Moving to West Berlin in 1976, to a studio just 500 yards from the Wall, where he managed to revitalise his music and deal with his addiction, he worked with Brian Eno on three of his own albums beginning with Low;  but also with Iggy Pop on his albums 'The Idiot' and 'Lust for Life'. For 'Heroes' he was joined by the ex King Crimson guitarist, Robert Fripp, called out of retirement by Eno. The title song is Bowie's second most covered song (first is Rebel, Rebel), including being the lead track on Peter Gabriel's recent 'Scratch my back'.It's a song about survival: on 'Five Years', Bowie commented what a relief it was to find he could still write without being under the influence of drugs. Some of his tracks on 'Lodger' were written using Peter Schmidt's Oblique Strategy cards, which encourage lateral thinking, a mixture of New Wave and World Music, lighter and more pop-orientated but still very experimental.

In 1992, Philip Glass  used Low, which he described as work of genius, as a basis for his 'Symphony no 1 Low'; and in 1996 used Heroes to create his Symphony No 4 Heroes.

Ashes to Ashes revisited the Major Tom story, and the video featured and gave international exposure to the emerging New Romantic movement members from the Blitz club; the video contained new filming techniques. While that hit number one, Bowie was appearing in the title role of  The Elephant Man on Broadway for three months.

In 1981 he paired with Queen for a one-off hit, 'Under Pressure'.The video features none of them because of touring committments, instead just showing traffic jams.
In 1983, Stevie Ray Vaughan was the guest guitarist on 'Let's Dance', Bowie's best selling album, what he calls blues-rock guitar against a dance format.They met at the 1982 Montreux Jazz festival; the guitarist was not very familiar with Bowie's music. In fact the album and tour were so successful Bowie felt his integrity was compromised.

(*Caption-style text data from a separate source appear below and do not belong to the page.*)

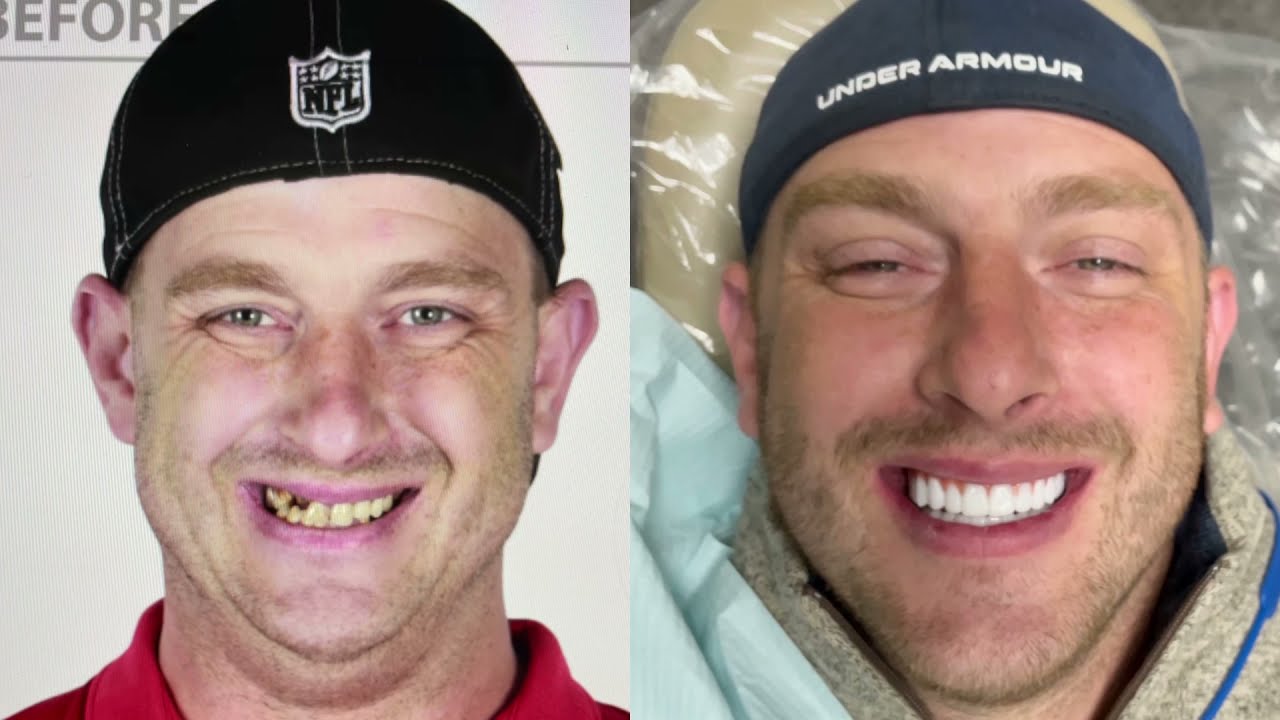 Jack’s ALL-ON-4 Smile Transformation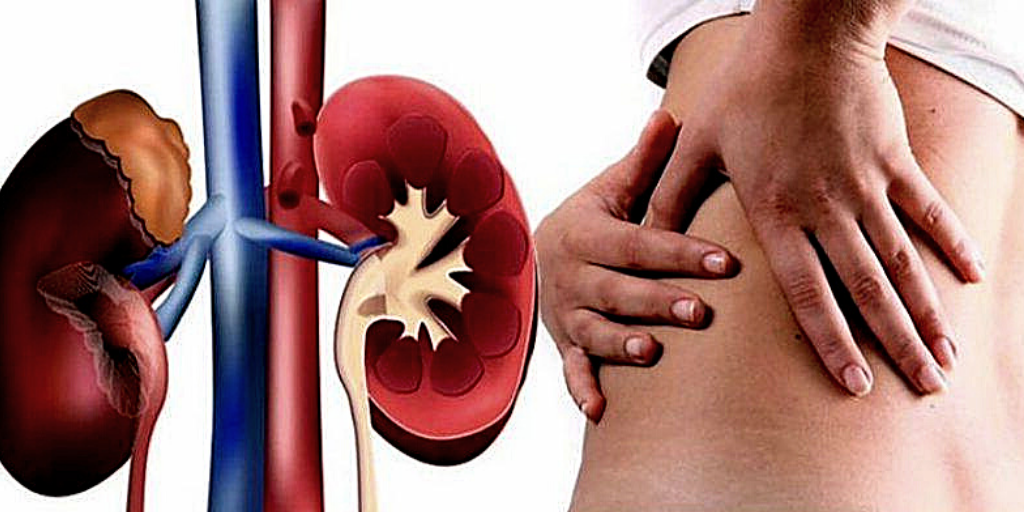 Самый первый признак больных почек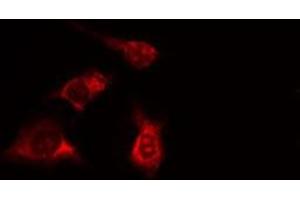 ABIN6277996 staining HeLa cells by IF/ICC. (SPTAN1 抗体  (N-Term))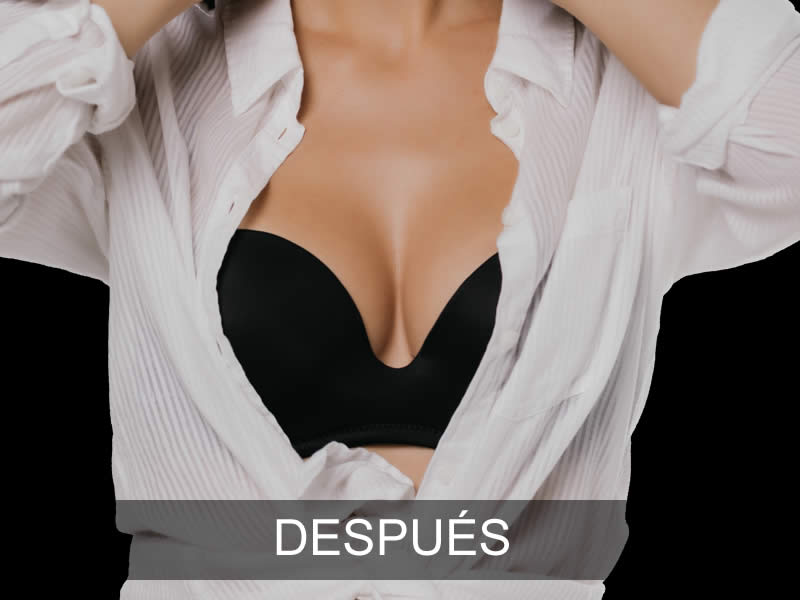 aumento-sutil-4-despues-e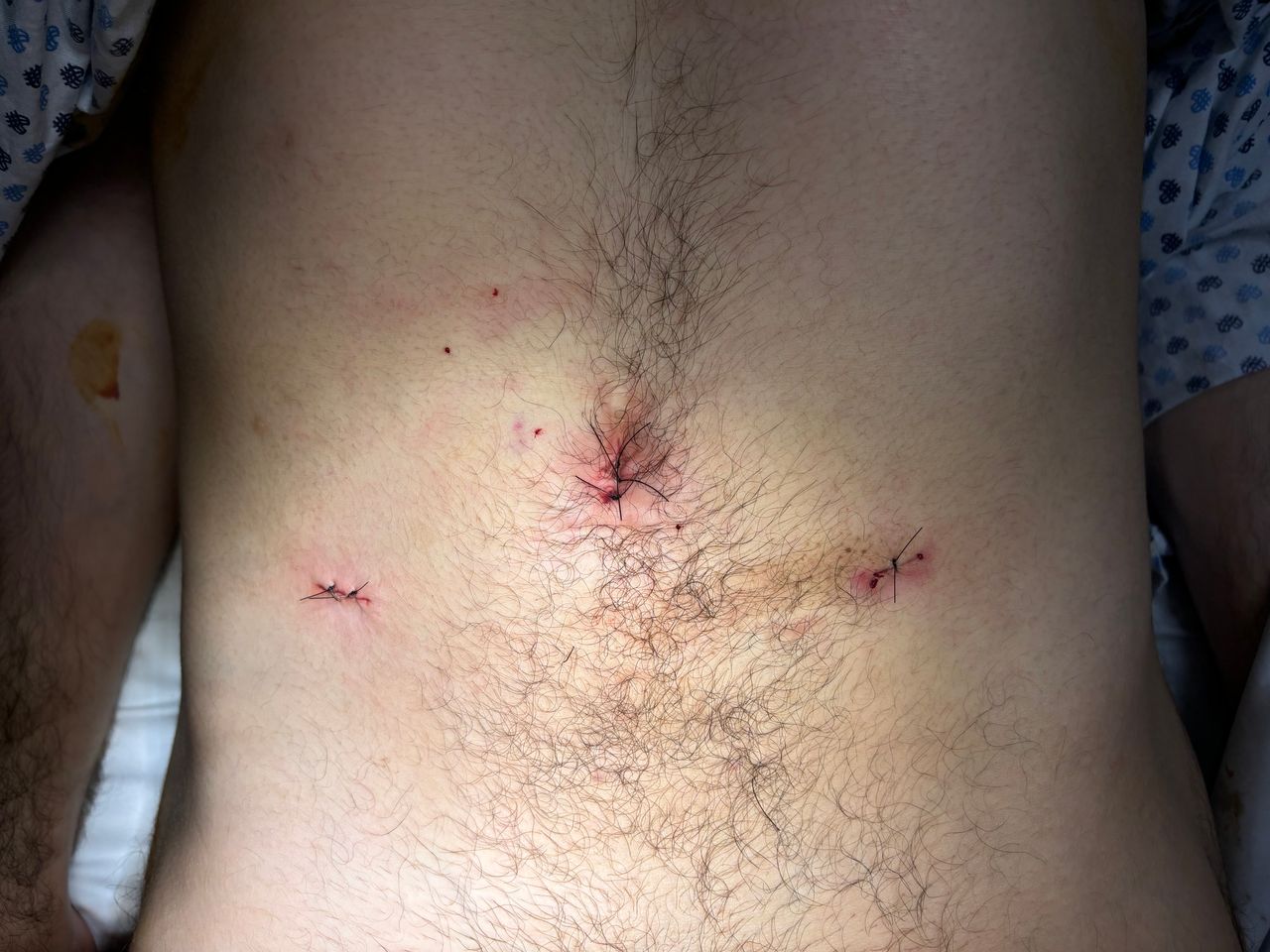 Edgar Raziel Acosta May-10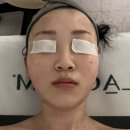 보노뷰티 | [남양주 마석] 화도 피부관리 '더윤뷰티' 보노필 데콜테 만족 후기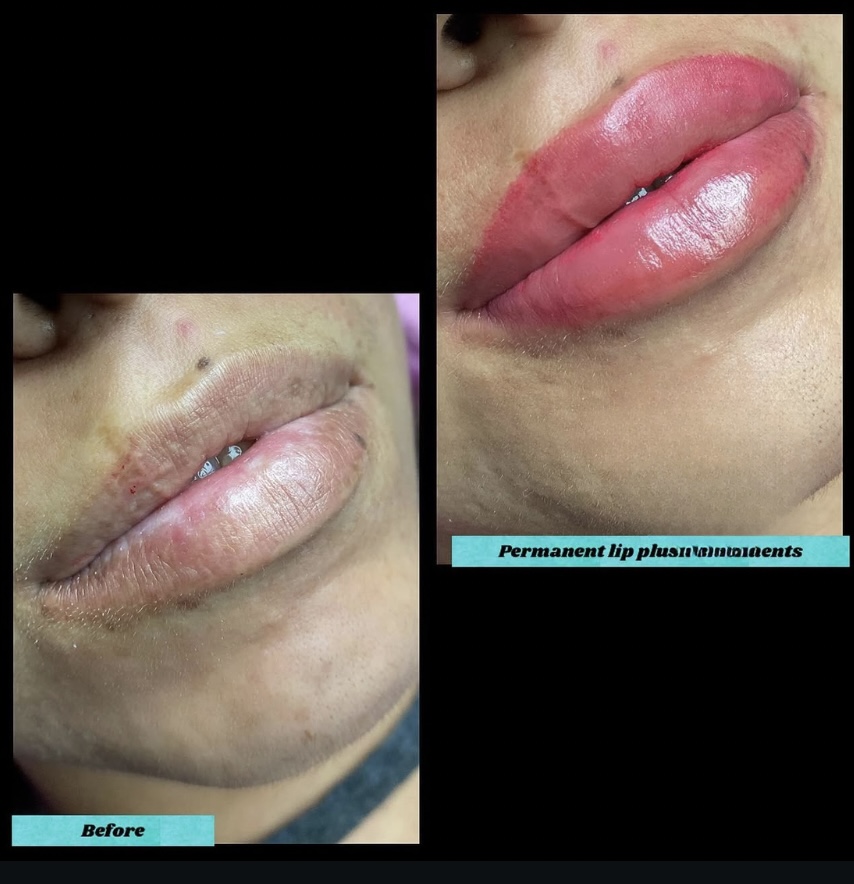 💋 Lip Blush Treatment transformation 1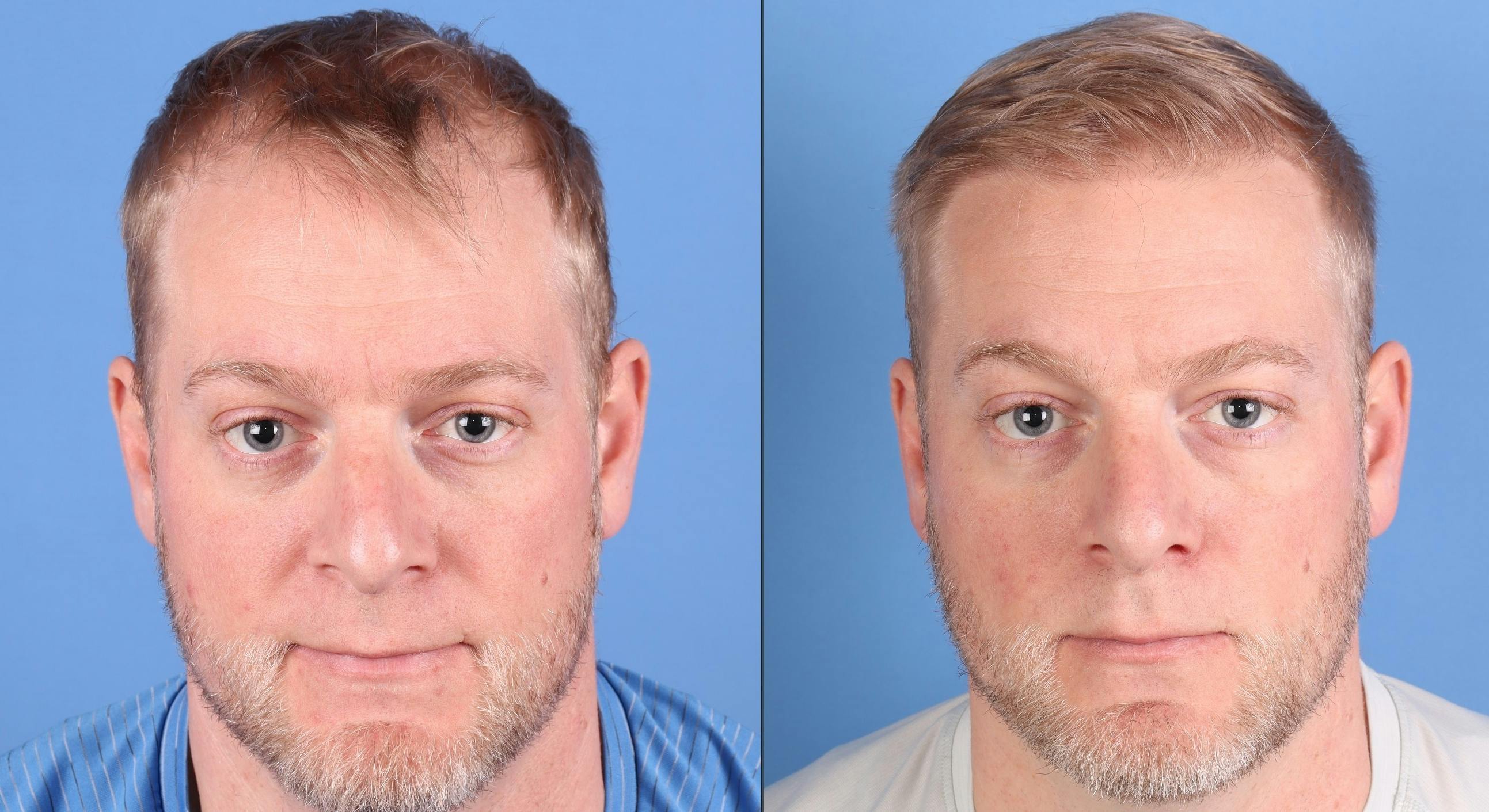 NeoGraft Hair Restoration Before & After Gallery - Patient 131161 - Image 1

In 1987 on the Glass Spider tour he was joined by old friend Peter Frampton on guitar. The tour was criticised as overproduced, the most elaborate and expensive Bowie has ever performed in. But by 2010 it was being named one of the top concert tour designs of all time. However the criticism of the tour and the album, 'Never Let Me Down', led to Bowie moving away from a solo career temporarily, with the formation of Tin Machine. Since then Bowie has also explored new directions in music, composing the soundtrack to 'The Buddha of Suburbia', a concept album with Eno, 'Outside', and a soundtrack for a computer game, Omikron. Recently he's revisited the inspiration of his Berlin days in  his first studio album for ten years, ' The Next Day'.

The tv programme, Five Years, certainly did the right thing in concentrating on five of the  most intense years of his life as a performer. It's hard to get an overview of a personality like Bowie, someone who has changed his music, style and looks so frequently, responding to the climate but also setting trends that most of the rest of us follow in the news, or as fans, or in our own style and music tastes. I'd forgotten quite how much acting he'd done, that would be a career in itself. And looking again through his back catalogue he has produced far more records than I remembered and worked with far more musicians of a much greater variety than I'd imagined. And yet for much of that career he has probably seen himself as a performance artist where albums are a lucrative by-product.